Palo Alto Networks Next Generation Firewall (PA-Series, VM-Series, CN-Series)

Next Generation Firewall (NGFW) from Palo Alto Networks is an advanced network security platform that integrates traditional firewall functions with modern security mechanisms, application identification, and identity-based access control. Palo Alto NGFW solutions are available for physical environments (PA series), public and private clouds (VM series), and Kubernetes-based container platforms (CN series). All solutions offer complete visibility and control over network traffic from layer 2 (data link) to layer 7 (application) of the ISO/OSI model.

Palo Alto NGFWs are built on a unique Single-Pass Parallel Processing (SP3) architecture that combines two key elements, Single Pass Software and Parallel Processing Hardware, to deliver low latency while analyzing applications, users, content, and threats in real time. Single Pass Software means that each packet is processed only once using all available network and security features, such as App-ID, User-ID, Device-ID, and Content-ID. Parallel Processing Hardware is the simultaneous execution of tasks such as routing, user and application identification, content inspection, and management by specialized and dedicated groups of processors.
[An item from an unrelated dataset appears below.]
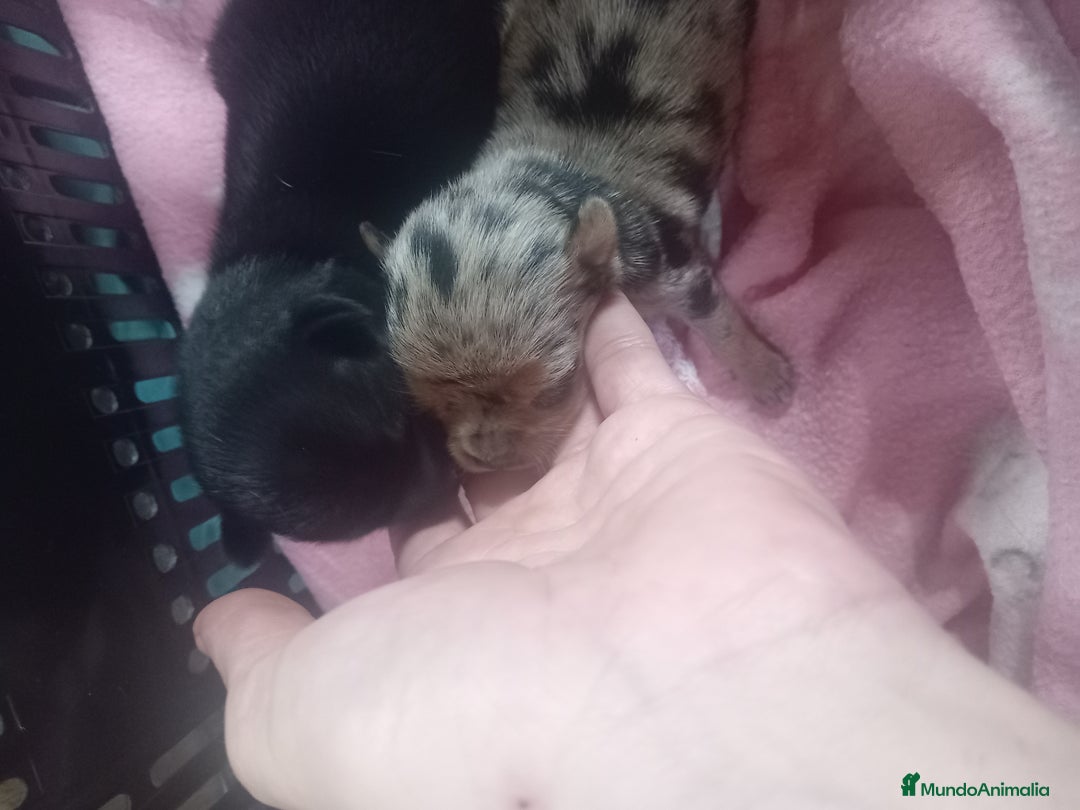 Chihuahua perros en venta: Chihuahua miniatura 🌈 exóticos  - Imagen 4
Palo’s NGFW architecture distributes traffic processing and management tasks across different groups of processors, preventing management issues during NGFW traffic processing and performance degradation during intensive administrative work.
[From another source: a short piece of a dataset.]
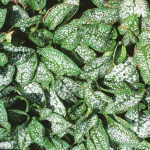Pulmonaria officinalis 'Sissinghurst White'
A key component is the patented App-ID mechanism for identifying, classifying, and controlling applications in network traffic regardless of the ports, protocols, or encryption used. App-ID uses a combination of signature analysis, protocol decoding, and heuristics to classify traffic in real time.

The User-ID mechanism allows network traffic to be mapped to users regardless of their assigned IP address, enabling administrators to create security rules based on user identity regardless of their IP address.

Device ID is a mechanism for identifying and classifying devices on a network based on their characteristics and behavior, using logs collected by the firewall and analyzed by the Palo Alto IoT Security service. Analysis of metadata, protocols, and sessions leads to the creation of device profiles and device-based security policy recommendations, which increases the precision of traffic management and network protection.

Content-ID is a content inspection mechanism that analyzes processed network traffic for threats such as malware, exploits, phishing, unauthorized data transfer, and unwanted content. Content-ID operates within Single Pass Software, which minimizes the impact of content inspection on firewall performance, even with numerous security features enabled. Content-ID uses advanced methods to detect known and unknown threats, including integration with the WildFire service, which analyzes suspicious files in a SandBox environment, enables web traffic filtering based on URL categories, blocks malicious websites, and controls the transfer of files and confidential data.

Palo Alto NGFW solutions offer a range of network security features such as IDS/IPS, DNS protection, WildFire sandbox, SSL/TLS decryption, web proxy, and SD-WAN.

All versions of the Palo Alto NGFW solution can be managed individually by an administrator or through one of two central management platforms. Palo Alto Networks offers two central management solutions: Panorama, available as a physical or virtual solution, and Strata Cloud Manager (SCM), available as a Software as a Service (SaaS) solution.